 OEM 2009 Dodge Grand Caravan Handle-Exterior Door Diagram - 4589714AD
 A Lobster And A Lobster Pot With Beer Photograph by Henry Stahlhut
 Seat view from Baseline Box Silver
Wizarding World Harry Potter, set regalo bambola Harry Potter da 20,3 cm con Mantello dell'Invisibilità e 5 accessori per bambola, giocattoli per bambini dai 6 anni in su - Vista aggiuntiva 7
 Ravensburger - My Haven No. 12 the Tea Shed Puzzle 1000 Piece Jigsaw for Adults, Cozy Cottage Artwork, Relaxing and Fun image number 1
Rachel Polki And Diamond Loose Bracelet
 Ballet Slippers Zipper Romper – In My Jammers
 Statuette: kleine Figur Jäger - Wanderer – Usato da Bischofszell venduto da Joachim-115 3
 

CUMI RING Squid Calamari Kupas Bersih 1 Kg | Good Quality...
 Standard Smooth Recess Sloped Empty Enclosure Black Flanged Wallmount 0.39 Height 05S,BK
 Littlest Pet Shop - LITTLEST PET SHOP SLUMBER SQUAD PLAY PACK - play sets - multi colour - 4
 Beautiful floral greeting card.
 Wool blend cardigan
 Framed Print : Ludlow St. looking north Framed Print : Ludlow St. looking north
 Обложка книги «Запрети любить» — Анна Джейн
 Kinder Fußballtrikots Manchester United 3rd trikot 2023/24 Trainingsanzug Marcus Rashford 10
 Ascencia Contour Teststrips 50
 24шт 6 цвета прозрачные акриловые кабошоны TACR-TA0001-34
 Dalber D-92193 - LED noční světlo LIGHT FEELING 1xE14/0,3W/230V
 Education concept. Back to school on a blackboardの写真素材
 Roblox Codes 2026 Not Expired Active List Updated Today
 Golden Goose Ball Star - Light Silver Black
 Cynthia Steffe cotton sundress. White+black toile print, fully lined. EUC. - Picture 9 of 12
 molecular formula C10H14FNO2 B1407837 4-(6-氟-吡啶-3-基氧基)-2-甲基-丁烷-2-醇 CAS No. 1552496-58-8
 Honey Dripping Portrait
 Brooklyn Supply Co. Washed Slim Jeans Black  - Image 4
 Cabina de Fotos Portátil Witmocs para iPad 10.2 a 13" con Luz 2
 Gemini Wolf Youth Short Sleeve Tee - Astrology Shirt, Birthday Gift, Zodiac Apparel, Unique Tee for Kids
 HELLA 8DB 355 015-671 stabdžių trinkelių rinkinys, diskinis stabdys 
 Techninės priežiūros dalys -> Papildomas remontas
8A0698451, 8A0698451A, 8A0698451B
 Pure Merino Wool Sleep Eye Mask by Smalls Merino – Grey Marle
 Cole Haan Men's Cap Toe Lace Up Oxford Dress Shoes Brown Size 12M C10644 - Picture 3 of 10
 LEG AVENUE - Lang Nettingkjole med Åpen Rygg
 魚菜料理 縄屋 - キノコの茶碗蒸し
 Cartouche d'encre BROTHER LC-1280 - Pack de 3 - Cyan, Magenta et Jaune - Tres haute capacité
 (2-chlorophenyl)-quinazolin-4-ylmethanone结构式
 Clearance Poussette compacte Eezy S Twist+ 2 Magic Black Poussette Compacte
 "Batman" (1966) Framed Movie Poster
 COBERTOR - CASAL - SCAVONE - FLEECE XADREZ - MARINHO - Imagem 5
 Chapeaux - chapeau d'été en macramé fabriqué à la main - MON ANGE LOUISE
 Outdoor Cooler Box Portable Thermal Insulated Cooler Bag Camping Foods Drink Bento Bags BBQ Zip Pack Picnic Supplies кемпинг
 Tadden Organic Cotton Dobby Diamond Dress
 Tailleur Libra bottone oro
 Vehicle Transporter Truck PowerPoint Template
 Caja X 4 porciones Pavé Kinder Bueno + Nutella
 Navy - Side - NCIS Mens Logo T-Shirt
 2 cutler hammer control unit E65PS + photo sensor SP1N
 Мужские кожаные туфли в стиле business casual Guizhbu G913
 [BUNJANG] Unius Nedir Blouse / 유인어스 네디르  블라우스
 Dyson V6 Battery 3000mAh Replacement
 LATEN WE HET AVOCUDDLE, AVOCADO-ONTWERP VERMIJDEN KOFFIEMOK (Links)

> _What the task requires_
Write out the records exactly, starting at the first line and stopping after the line that contains "Statuette: kleine Figur".

> _Solution to the exercise_
 OEM 2009 Dodge Grand Caravan Handle-Exterior Door Diagram - 4589714AD
 A Lobster And A Lobster Pot With Beer Photograph by Henry Stahlhut
 Seat view from Baseline Box Silver
Wizarding World Harry Potter, set regalo bambola Harry Potter da 20,3 cm con Mantello dell'Invisibilità e 5 accessori per bambola, giocattoli per bambini dai 6 anni in su - Vista aggiuntiva 7
 Ravensburger - My Haven No. 12 the Tea Shed Puzzle 1000 Piece Jigsaw for Adults, Cozy Cottage Artwork, Relaxing and Fun image number 1
Rachel Polki And Diamond Loose Bracelet
 Ballet Slippers Zipper Romper – In My Jammers
 Statuette: kleine Figur Jäger - Wanderer – Usato da Bischofszell venduto da Joachim-115 3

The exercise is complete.